Provided material |

#####

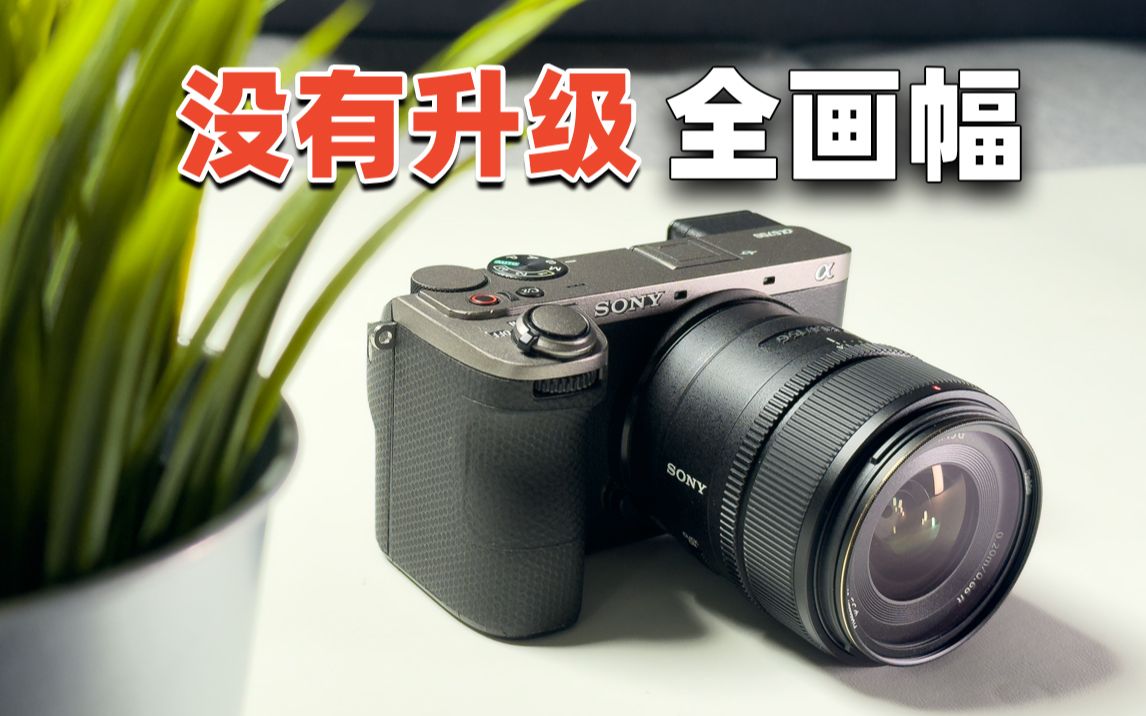 索尼a6700到底够不够用?暗光拍摄内容分享,对比a6400.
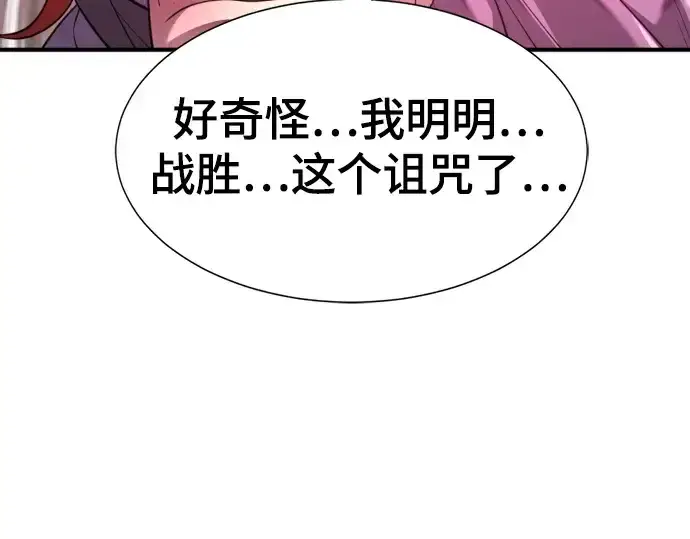 《史诗级领地设计师》第183话图207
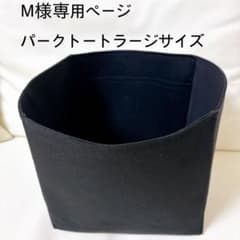 M様専用ページパークトートラージサイズバッグインバッグ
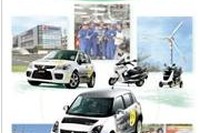スズキの環境・社会レポート、冊子はナシ 画像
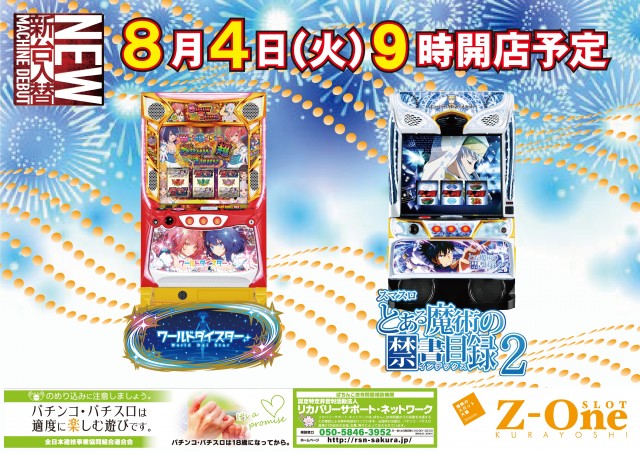 Z-One倉吉店の最新情報画像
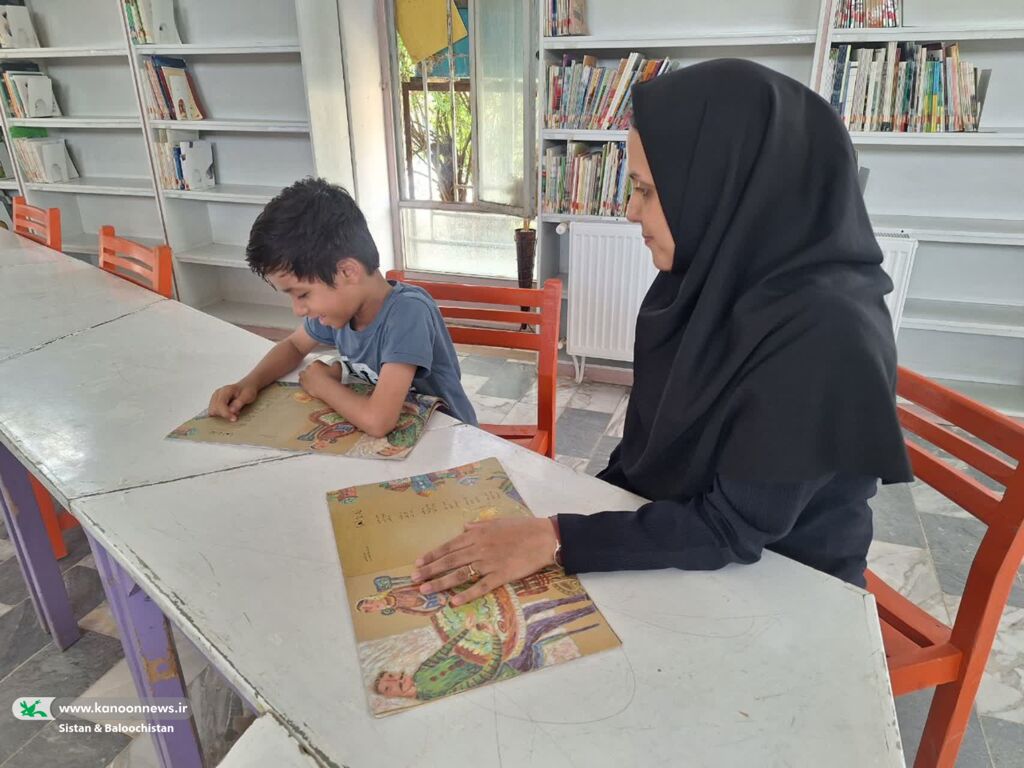 «کتاب» قلب تپنده‌ی فعالیت‌های کانون پرورش فکری کودکان و نوجوانان سیستان و بلوچستان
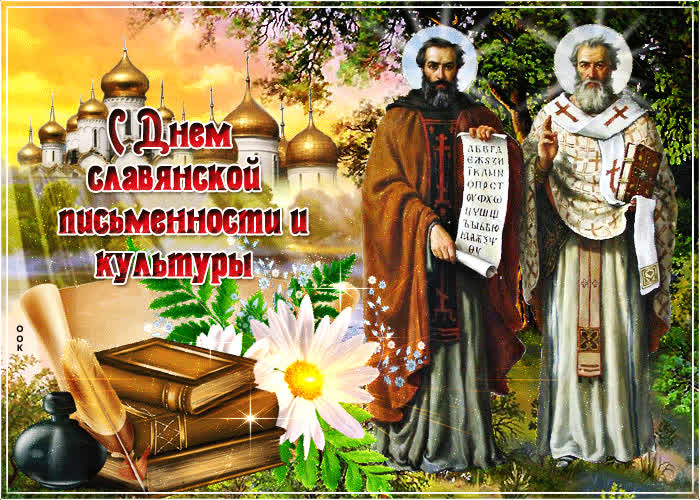 День памяти святых Кирилла и Мефодия (63 изображения)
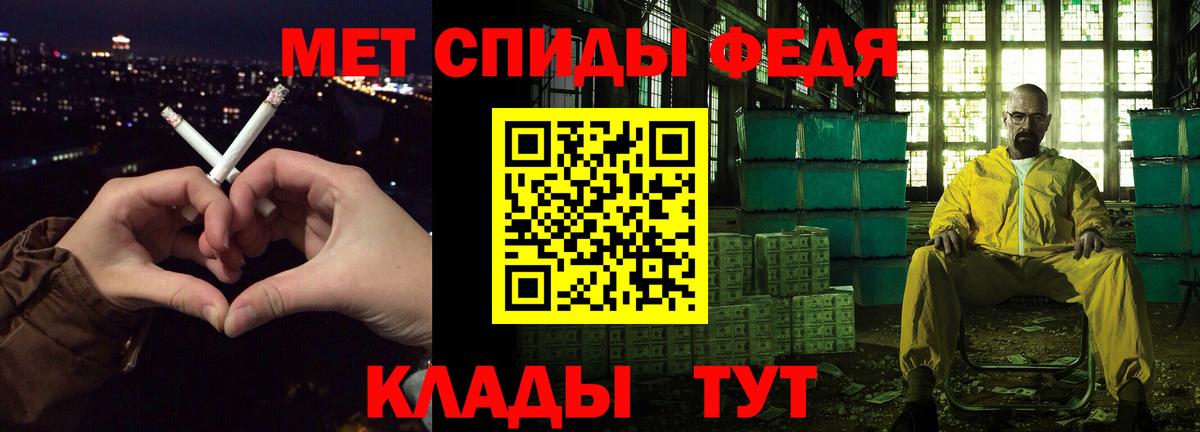АМФЕТАМИН Розовый Архангельск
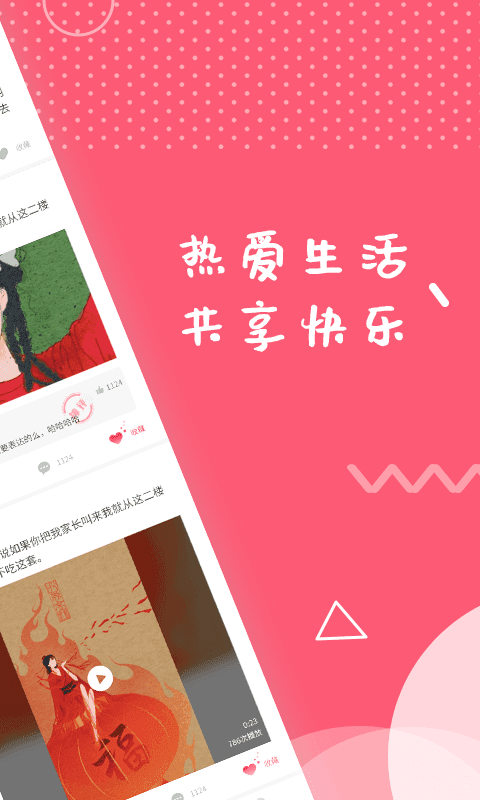 皮皮蛋搞笑截图3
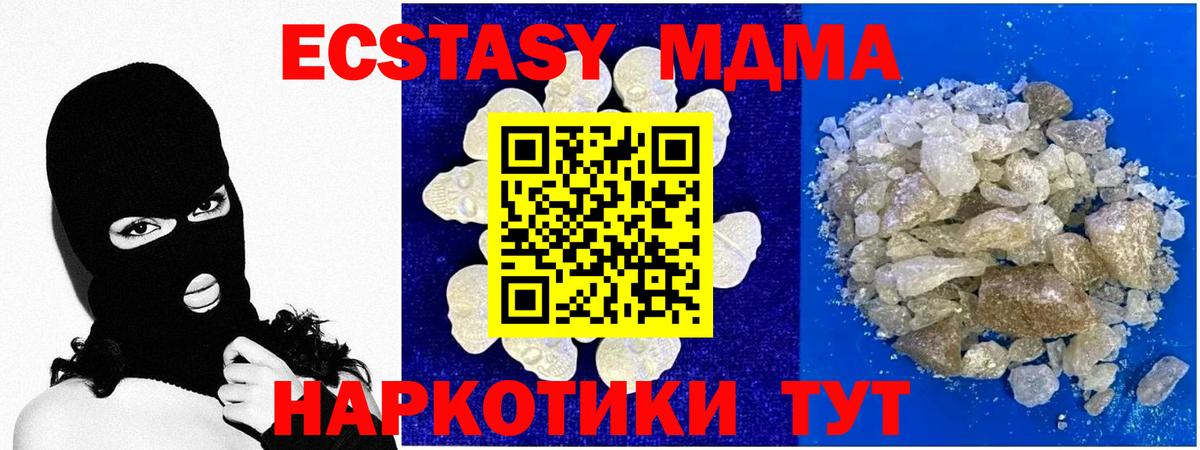 MDMA crystal  Вход с VPN  Луховицы 
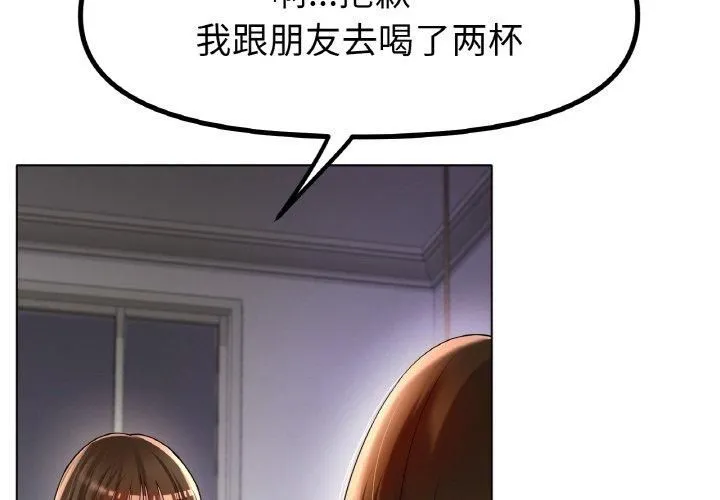 冰上恋人第49話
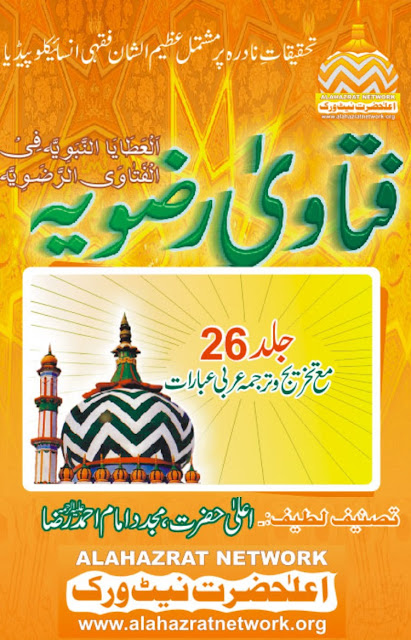 http://www.alahazratnetwork.org/data/02-fatawa_ridawiyyah/02B-fatawa_ridawiyyah_pdf/fatawa_ridawiyyah_vol_26.pdf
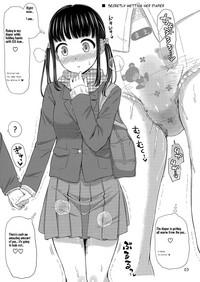 Omukano | Diaper Girlfriend 2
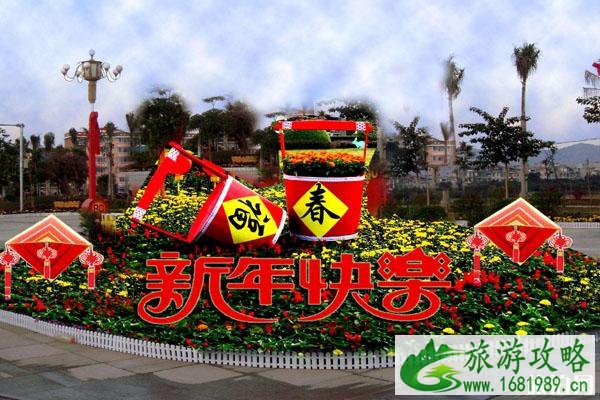 2020广州过年·花城看花活动时间 门票及活动亮点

#####

How to complete this task | Reproduce all lines above exactly. Leave the images out.

Task output |
 索尼a6700到底够不够用?暗光拍摄内容分享,对比a6400.
 《史诗级领地设计师》第183话图207
 M様専用ページパークトートラージサイズバッグインバッグ
スズキの環境・社会レポート、冊子はナシ 画像
 Z-One倉吉店の最新情報画像
 «کتاب» قلب تپنده‌ی فعالیت‌های کانون پرورش فکری کودکان و نوجوانان سیستان و بلوچستان
 День памяти святых Кирилла и Мефодия (63 изображения)
АМФЕТАМИН Розовый Архангельск
 皮皮蛋搞笑截图3
 MDMA crystal  Вход с VPN  Луховицы 
 冰上恋人第49話
 http://www.alahazratnetwork.org/data/02-fatawa_ridawiyyah/02B-fatawa_ridawiyyah_pdf/fatawa_ridawiyyah_vol_26.pdf
 Omukano | Diaper Girlfriend 2
 2020广州过年·花城看花活动时间 门票及活动亮点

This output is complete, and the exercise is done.